You have 2 possible line equations, for triangles sitting on top of the x-axis.
i'm assuming =n is short for equation.
Suppose the triangle sits on the positive half of the x-axis from zero to infinity.
If the perp from the origin to the line is 60 degrees.
then the line makes an angle of 30 degrees with the x-axis.
Be sure this is clear before proceeding,
draw a diagram if necessary.
\(\displaystyle tan30^o=\frac{1}{\sqrt{3}}\)
this gives us the ratio of height over base.
Therefore height=k and base=\(\displaystyle k\sqrt{3}\)
Be sure that you are clear about this before proceeding......\(\displaystyle \frac{k}{k\sqrt{3}}=\frac{1}{\sqrt{3}}\)

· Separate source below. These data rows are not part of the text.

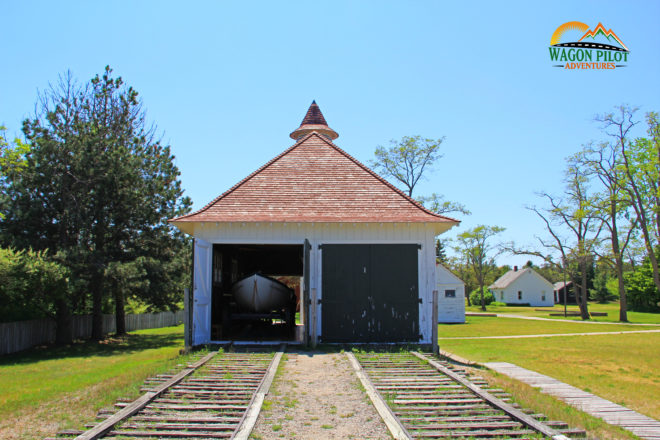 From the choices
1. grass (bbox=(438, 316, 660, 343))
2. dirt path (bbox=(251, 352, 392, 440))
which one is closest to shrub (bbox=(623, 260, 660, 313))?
grass (bbox=(438, 316, 660, 343))

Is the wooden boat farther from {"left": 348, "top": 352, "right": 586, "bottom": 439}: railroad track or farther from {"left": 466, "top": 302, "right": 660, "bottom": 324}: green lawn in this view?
{"left": 466, "top": 302, "right": 660, "bottom": 324}: green lawn

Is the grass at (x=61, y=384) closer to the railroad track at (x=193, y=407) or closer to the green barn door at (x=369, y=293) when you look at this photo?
the railroad track at (x=193, y=407)

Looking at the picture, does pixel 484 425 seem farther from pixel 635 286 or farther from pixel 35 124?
pixel 635 286

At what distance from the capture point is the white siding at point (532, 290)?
2940 inches

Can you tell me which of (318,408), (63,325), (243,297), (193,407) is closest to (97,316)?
(63,325)

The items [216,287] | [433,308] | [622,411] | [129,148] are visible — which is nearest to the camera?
[622,411]

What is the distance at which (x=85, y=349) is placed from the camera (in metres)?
20.9

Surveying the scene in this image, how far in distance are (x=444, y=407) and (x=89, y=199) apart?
19.2 m

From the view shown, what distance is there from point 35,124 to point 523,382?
21.5 metres

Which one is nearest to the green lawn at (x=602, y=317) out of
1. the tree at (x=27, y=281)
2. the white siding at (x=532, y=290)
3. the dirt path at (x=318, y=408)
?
the white siding at (x=532, y=290)

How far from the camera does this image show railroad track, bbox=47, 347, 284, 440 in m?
6.09

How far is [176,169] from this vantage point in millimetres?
25750

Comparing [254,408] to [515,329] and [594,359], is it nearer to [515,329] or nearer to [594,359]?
[594,359]

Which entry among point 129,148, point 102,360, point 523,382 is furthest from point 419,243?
point 129,148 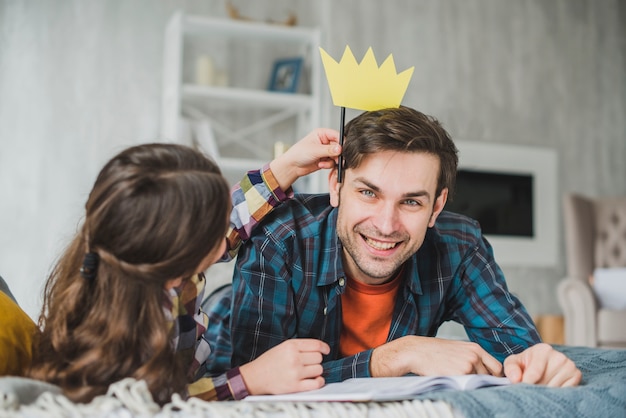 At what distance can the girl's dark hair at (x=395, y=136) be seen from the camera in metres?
1.57

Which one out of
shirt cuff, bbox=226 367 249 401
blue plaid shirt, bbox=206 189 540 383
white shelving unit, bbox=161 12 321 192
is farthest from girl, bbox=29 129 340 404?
white shelving unit, bbox=161 12 321 192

Now use the area to discover k.
Triangle area is \(\displaystyle 0.5(k)k\sqrt{3}=54\sqrt{3}\)
\(\displaystyle k^2=108\)
\(\displaystyle k=\sqrt{108}\)
The line slope \(\displaystyle m=-\frac{1}{\sqrt{3}}\)
\(\displaystyle c=k=\sqrt{108}\)
The equation is y=mx+c.
What about working out the 2nd one?